*Task goal*. Among the lines below, keep only those from the one containing "Cuatro personas sentadas" through the one containing "Young adult African", and reproduce them exactly.

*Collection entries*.

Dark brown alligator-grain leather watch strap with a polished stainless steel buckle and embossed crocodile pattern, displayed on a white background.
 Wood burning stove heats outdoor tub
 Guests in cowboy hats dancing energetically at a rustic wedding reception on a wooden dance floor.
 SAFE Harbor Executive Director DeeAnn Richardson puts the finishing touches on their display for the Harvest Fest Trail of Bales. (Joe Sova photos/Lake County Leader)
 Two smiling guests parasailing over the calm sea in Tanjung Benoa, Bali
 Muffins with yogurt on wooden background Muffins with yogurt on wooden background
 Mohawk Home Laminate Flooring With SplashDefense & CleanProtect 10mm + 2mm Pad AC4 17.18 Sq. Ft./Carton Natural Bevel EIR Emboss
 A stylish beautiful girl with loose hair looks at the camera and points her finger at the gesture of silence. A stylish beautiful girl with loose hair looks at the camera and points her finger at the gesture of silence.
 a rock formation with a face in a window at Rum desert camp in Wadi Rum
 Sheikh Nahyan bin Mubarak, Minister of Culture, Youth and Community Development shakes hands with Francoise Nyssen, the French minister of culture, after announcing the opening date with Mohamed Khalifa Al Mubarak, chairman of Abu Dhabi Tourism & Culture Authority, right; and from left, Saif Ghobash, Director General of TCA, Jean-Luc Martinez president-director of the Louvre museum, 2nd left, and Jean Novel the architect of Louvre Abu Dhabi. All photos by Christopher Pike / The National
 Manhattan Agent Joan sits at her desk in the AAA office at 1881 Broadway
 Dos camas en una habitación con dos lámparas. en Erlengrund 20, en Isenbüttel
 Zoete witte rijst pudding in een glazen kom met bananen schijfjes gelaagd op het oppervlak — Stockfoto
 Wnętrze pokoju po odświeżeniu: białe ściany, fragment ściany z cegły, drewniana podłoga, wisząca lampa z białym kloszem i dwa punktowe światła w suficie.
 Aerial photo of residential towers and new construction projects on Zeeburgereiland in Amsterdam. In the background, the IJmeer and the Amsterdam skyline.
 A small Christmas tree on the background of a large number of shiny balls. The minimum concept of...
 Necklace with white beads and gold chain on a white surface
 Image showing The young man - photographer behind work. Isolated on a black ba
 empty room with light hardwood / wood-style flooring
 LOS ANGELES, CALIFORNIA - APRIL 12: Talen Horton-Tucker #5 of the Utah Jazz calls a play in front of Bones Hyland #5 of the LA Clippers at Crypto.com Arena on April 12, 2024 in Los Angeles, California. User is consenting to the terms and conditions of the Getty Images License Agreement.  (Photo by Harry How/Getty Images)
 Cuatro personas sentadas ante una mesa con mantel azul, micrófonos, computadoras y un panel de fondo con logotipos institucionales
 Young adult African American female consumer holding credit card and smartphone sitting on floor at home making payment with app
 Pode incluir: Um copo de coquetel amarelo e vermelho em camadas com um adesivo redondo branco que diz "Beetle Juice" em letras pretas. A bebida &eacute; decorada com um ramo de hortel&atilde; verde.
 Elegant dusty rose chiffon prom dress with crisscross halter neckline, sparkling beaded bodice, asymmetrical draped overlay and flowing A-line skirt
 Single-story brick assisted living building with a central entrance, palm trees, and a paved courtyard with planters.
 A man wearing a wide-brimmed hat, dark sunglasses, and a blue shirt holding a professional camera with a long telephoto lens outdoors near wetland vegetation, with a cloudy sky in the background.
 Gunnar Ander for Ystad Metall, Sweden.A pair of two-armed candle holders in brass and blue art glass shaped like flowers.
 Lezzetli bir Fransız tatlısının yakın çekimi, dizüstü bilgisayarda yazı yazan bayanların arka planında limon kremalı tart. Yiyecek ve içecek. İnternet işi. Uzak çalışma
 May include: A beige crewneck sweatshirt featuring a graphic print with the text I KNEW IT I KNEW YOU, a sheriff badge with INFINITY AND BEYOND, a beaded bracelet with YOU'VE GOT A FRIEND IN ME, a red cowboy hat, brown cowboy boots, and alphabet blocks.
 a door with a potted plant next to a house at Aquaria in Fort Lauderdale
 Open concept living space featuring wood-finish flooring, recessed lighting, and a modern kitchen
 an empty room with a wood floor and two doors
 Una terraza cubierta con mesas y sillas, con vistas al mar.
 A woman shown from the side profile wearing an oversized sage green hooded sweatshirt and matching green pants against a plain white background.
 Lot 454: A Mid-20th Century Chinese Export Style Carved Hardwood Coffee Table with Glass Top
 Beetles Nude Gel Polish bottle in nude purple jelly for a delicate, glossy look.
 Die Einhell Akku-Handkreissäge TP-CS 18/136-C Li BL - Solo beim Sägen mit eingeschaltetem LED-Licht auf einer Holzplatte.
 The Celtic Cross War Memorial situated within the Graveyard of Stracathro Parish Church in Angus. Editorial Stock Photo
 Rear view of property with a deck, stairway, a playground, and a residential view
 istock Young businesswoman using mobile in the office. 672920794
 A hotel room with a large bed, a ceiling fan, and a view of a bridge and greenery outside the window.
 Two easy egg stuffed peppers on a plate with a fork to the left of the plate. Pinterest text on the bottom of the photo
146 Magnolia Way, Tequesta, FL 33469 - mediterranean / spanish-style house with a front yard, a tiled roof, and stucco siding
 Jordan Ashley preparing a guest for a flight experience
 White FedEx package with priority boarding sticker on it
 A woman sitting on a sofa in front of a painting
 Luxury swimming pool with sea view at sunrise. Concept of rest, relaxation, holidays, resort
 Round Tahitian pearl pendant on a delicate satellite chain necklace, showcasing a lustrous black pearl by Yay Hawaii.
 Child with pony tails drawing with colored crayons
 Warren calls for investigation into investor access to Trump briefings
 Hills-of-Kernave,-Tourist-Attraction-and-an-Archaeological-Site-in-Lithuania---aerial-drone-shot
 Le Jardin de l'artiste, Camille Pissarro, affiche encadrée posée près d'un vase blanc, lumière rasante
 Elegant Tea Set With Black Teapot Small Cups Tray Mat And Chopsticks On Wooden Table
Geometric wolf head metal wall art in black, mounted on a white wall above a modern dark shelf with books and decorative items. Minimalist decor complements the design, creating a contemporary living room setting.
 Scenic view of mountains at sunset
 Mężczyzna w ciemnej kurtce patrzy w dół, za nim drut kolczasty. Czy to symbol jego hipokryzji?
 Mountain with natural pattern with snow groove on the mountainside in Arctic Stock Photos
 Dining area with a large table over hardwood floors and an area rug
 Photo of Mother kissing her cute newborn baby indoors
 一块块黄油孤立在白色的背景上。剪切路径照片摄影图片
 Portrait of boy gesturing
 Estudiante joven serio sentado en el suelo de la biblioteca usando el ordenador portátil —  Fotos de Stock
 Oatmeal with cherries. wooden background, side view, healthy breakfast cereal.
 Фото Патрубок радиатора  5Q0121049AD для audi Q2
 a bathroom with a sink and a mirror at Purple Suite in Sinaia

*Task result*.
 Cuatro personas sentadas ante una mesa con mantel azul, micrófonos, computadoras y un panel de fondo con logotipos institucionales
 Young adult African American female consumer holding credit card and smartphone sitting on floor at home making payment with app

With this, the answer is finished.